Despite the hooplah of Paris and Marakkesh, a new article by Jeremy Brecher argues that climate protection will never be accomplished by existing government and institutional actors. “Climate Emergency: Global Insurgency: There is no choice but to escalate today’s campaigns against global fossil fuel infrastructure” appeared in Common Dreams on October 14 , and while the author commends the protests against the Dakota Access Pipeline, (mirrored in Canada by protests against the Kinder Morgan Pipeline) he quotes Bill McKibben that “Fighting one pipeline at a time, the industry will eventually prevail.” Brecher advocates instead what he calls a “global nonviolent constitutional insurgency”. “A non-violent insurgency, like an armed insurgency, refuses to accept the limits on its action imposed by the powers that be. Unlike an armed insurgency, it eschews violence and instead expresses power by mobilizing people for mass nonviolent direct action….It is not formally a revolutionary movement because it does not challenge the legitimacy of the fundamental law; rather, it asserts that current officials are in violation of the very laws that they themselves claim provide the justification for their authority. Although the established courts may condemn and punish them, constitutional insurgents view their “civil disobedience” as actually obedience to law, even a form of law enforcement.”
Recalling the great civil disobedience campaigns of Gandhi, the American civil rights movement, and Polish Solidarity movement , Brecher points to the current “Break Free From Fossil Fuels” global campaign, begun after the Paris Agreement in 2015, as an encouraging start to the climate insurgency he advocates. The U.S. organizers of Break Free From Fossil Fuels issued a “Public Trust Proclamation” which summarizes the principles. The legal actions inspired by the Urgenda case and Our Children’s Trust in the U.S. share many of the same values, but apply them in the courts. Brecher links these two movements in an earlier article, “A new wave of climate insurgents defines itself as law-enforcers“. Brecher’s 2014 book, Climate Insurgency: A Strategy for Survival has been updated and reissued as a free ebook , to make it as widely available as possible to those who want to understand and help halt climate change.

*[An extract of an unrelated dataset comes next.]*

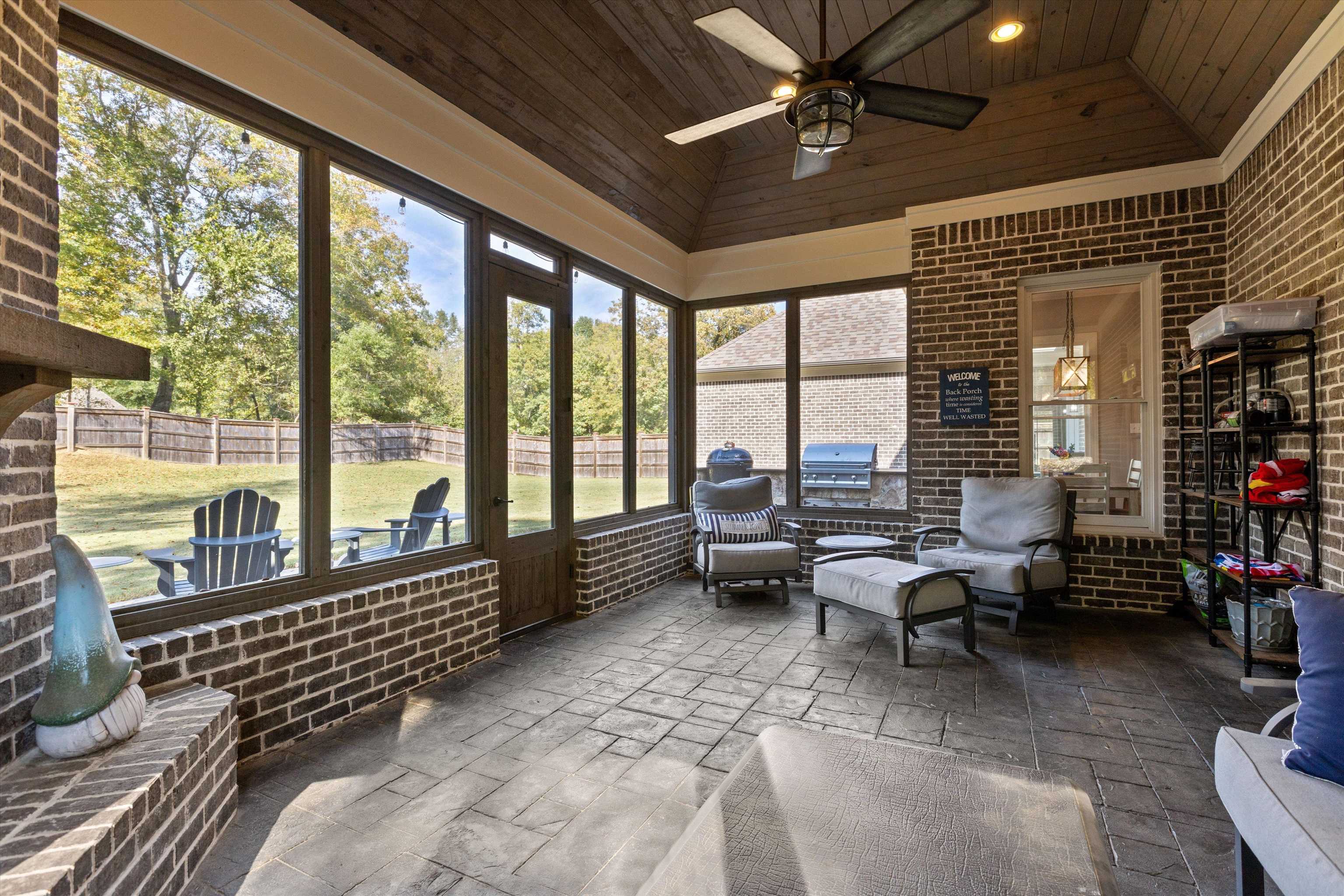 Sunroom / solarium with lofted ceiling, wood ceiling, and ceiling fan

Note: In Canada, the May 2016 Break Free protests were focused on the Kinder Morgan pipeline (photos still available here ). Protests are continuing – including sit-ins in the offices of government ministers in November, as even the federal government’s Ministerial Panel Report , released on November 3, raises questions about how the pipeline fits with the government’s commitments on climate change, First Nations reconciliation, and social license for fossil fuel projects. According to Environmental Defence, rejecting Kinder Morgan and restarting the review process after reforming the National Energy Board is the only viable option for the federal government. The government’s decision is due December 19, and is seen as a defining moment for the Trudeau government to demonstrate a clear commitment to its climate goals, rather than a compromise with energy/economics.